The ACLU’s Mr. Stanley said that with tomorrow’s technology likely to include in-store sensors to detect shoppers’ mood, eye movements and heart rate, the need for privacy protections is getting more urgent. “As the sensors get better and artificial intelligence gets smarter, the limits of information that can be collected are the limits of the human imagination,” he said.
A Sensitive Issue
An emerging industry of companies sell facial-recognition systems, including Ayonix Face Technologies Inc. of Richmond, Va. The company declined to identify clients, but said it had systems in place at several stores.
“We are monitoring return visits of people that are trying to scam the store,” said Mike Broggie, Ayonix’s chief executive officer.
The issue is a sensitive one for companies. When the ACLU surveyed 20 of the country’s largest retailers last year to determine if they use facial recognition, all except two declined to answer. Several said the information was proprietary or raised competitive concerns. Of the two that responded, a grocery chain said it wasn’t using it and Lowe’s told the ACLU it might use the technology to prevent shoplifting. Lowe’s told The Wall Street Journal it has since decided against using the technology after testing it in three stores.
A spokeswoman for Target said the company tested facial recognition last summer as a way to deter theft and fraud in a small number of stores but isn’t using it now. “We’ll continue to test and learn from new technologies that have the potential to keep our guests and team members safe,” she said.

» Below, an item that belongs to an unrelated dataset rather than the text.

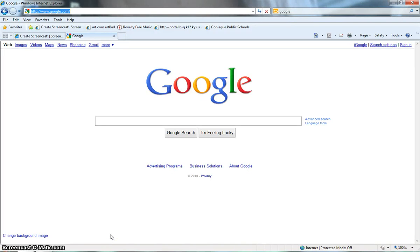Okay, good morning. Welcome to my screencast about creating a virtual Jackson Pollock painting.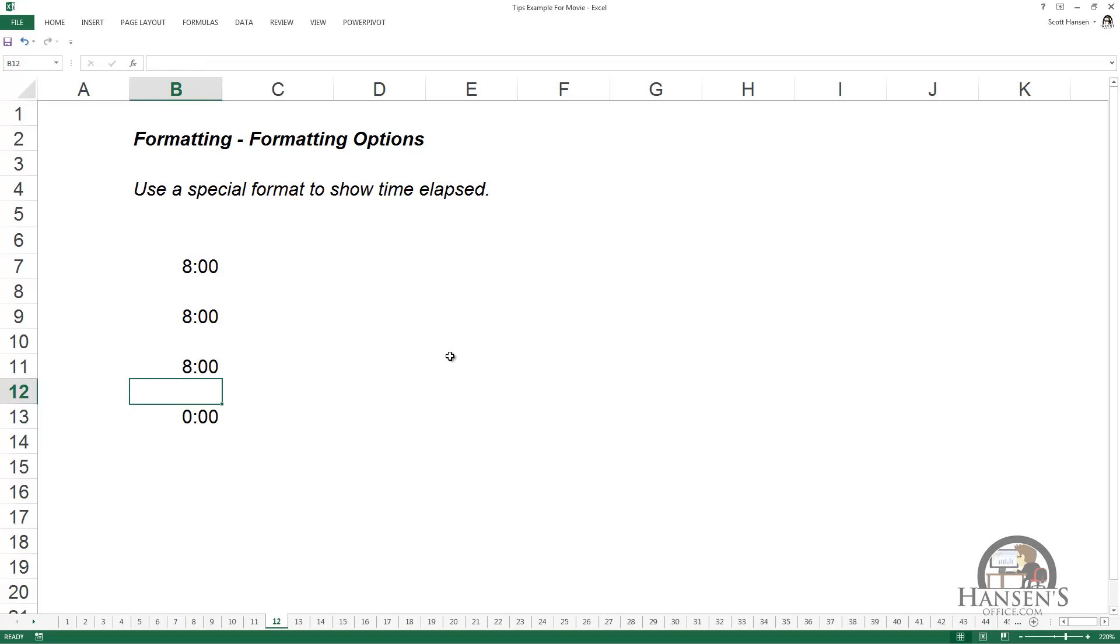So if one of these values was nine o'clock, or nine hours, we'd begin a new day plus an hour to be one o'clock in the morning.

A Walmart spokesman said there was “a brief facial recognition test a few years ago in a handful of stores for loss prevention, but that was ended.” He said the company was still “actively exploring how the technology could be used to benefit customers.”
One reason for retailers’ reluctance is the potential for blowback from customers. Another is the concern that facial-recognition software might make mistakes in identifying people.
For privacy advocates, another set of concerns revolves around how the data is used. Would one incident of teenage shoplifting lead to someone being barred from stores for life? Could merchants share data? Studies also show that facial recognition is less accurate for people of color; what happens in cases of mistaken identity?
A federal Commerce Department effort to craft voluntary standards for the use of facial recognition fell apart in 2015 as big companies and trade associations resisted agreement on any scenarios where facial recognition could only be used with consent from people subjected to it.
A flurry of privacy bills—including one by Sens. Roy Blunt (R., Mo.) and Brian Schatz (D., Hawaii) that would bar commercial users of facial recognition from tracking consumers without their consent—have been introduced in anticipation that the Senate will eventually consider a broad privacy bill.
“We need guardrails to ensure that, as this technology continues to develop, it is implemented responsibly,” Mr. Blunt said.
Ms. Jerez, the Sephora shopper, was skeptical about the prospect of facial recognition being used in retail stores. “I have facial recognition for my iPhone but it makes more sense because it’s something personally for me, you know? But if a store is using my face, what else are they going to use it for? You don’t know.”